You were talking about a sustainable approach to your investments. How does this manifest itself?

Our approach is based on two pillars.

The first is the exclusion of the worst performing companies. We have a team of ESG analysts who will rate the companies on the basis of ESG criteria. The worst ones will be excluded. And if highly rated companies behave badly on certain criteria relevant to the food value chain--such as water management, waste management, forestry, supply chain and nutritional value of products--they will also be excluded. As well as companies facing controversies such as product contamination that have a significant impact on a company’s reputation or accounts.

This filter excludes about 12% of the companies in our investment universe of about 450 stocks.

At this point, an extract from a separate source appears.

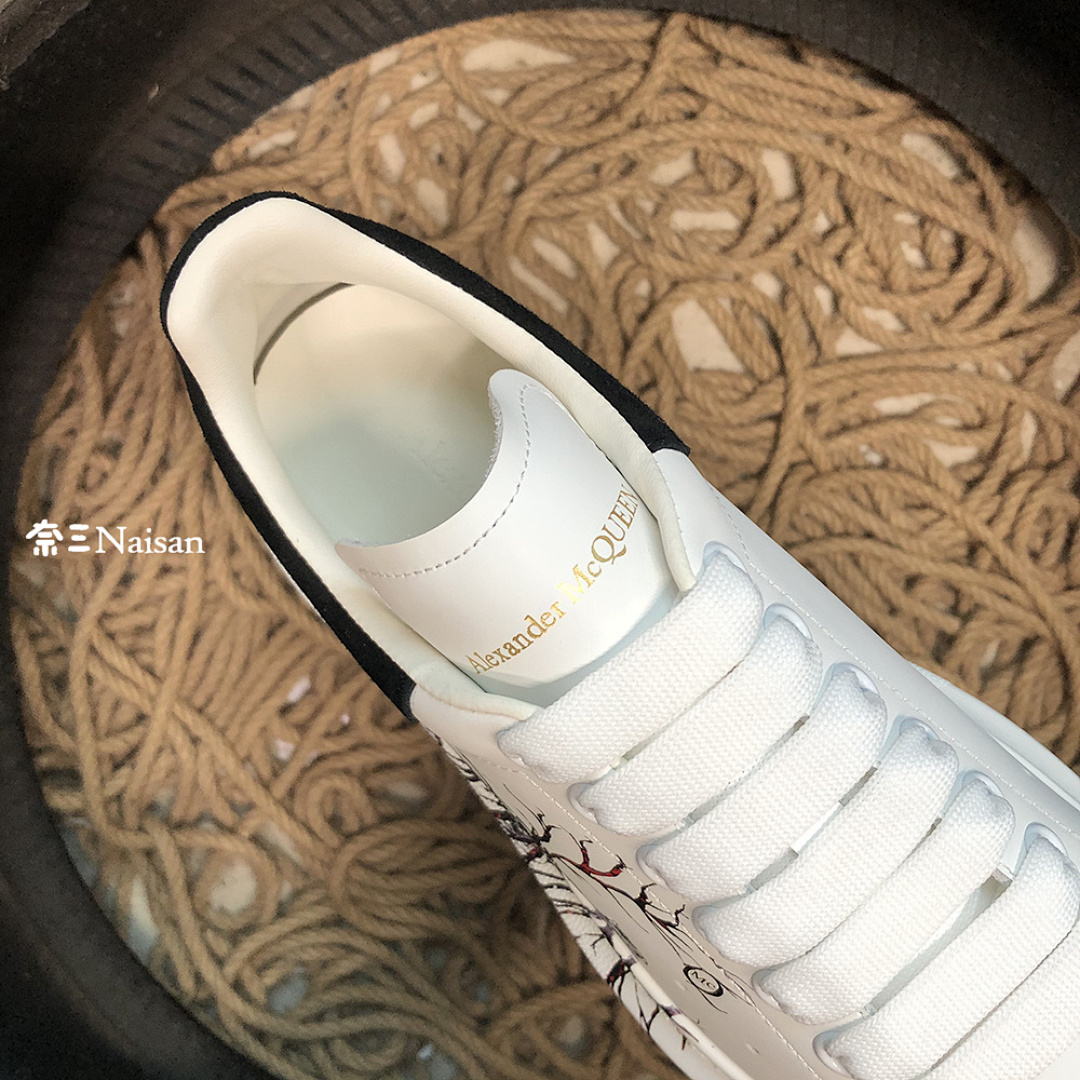▶ Alexander McQueen Sneaker 3D Prints - Image 13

The second pillar is a more ‘positive’ approach: we measure the impact of our portfolio in terms of carbon intensity--a measure that has become a classic--water intensity and waste recycling rates. Our commitment is that our portfolio is less carbon and water intensive than our investment universe.

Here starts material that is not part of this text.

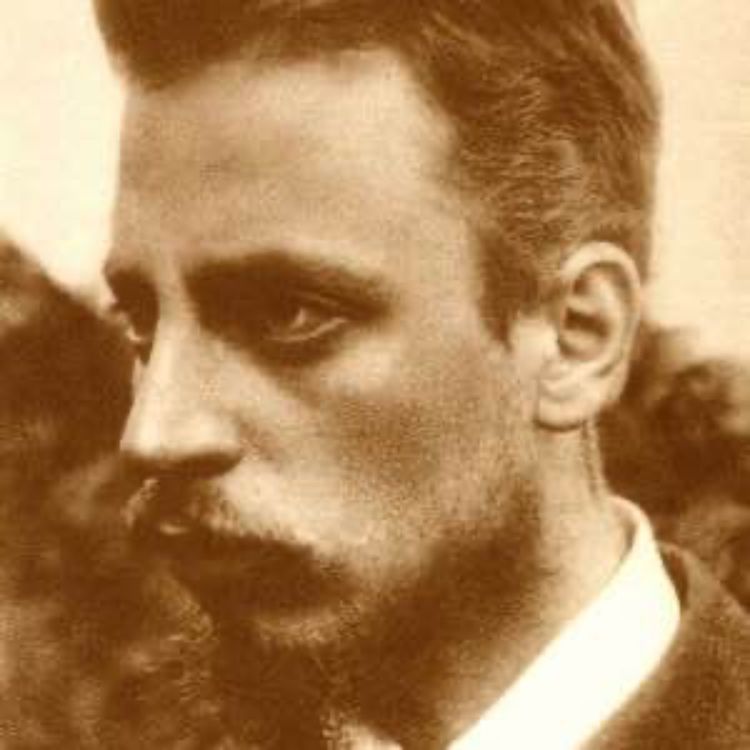 cover art for Rainer Maria Rilke: Duineser Elegien - Die dritte Elegie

There is a lot of talk about the impact of the war in Ukraine on the energy markets. But what are the impacts on agricultural markets?

They are huge. First of all, Russia and Belarus are major fertiliser exporters. For some fertiliser families, the volumes are unprecedented. For example, these two countries under sanctions represent 40% of world potash exports. This has an impact on product prices.

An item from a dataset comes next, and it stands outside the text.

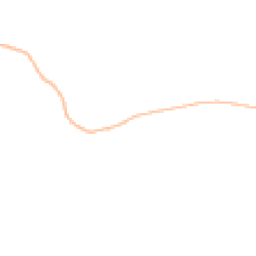 Night-time road noise heatmap for TR19 6DL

Then look at the maize, wheat and vegetable oil markets. Ukraine, which cannot produce, accounts for 15% of world maize exports and 10% of world wheat exports. Russia, which cannot export, accounts for 19% of world wheat exports. Together, these two countries account for three-quarters of the sunflower oil market. With substitution effects, other commodities such as barley and rapeseed are under pressure.

By way of comparison, Russia accounts for 10% of world crude oil production and 4% to 5% of exports.

Can we imagine a food crisis?

The FAO--the World Food and Agriculture Organisation--is talking about supply problems, famine and shortages. Let’s remember that the Arab springs of the 2010s were caused in particular by the very high prices of cereals at the time.

It may seem cynical to mention this, but this crisis has had an extremely beneficial effect on the companies listed on the agriculture sector. Especially for agricultural machinery, fertilisers and seeds.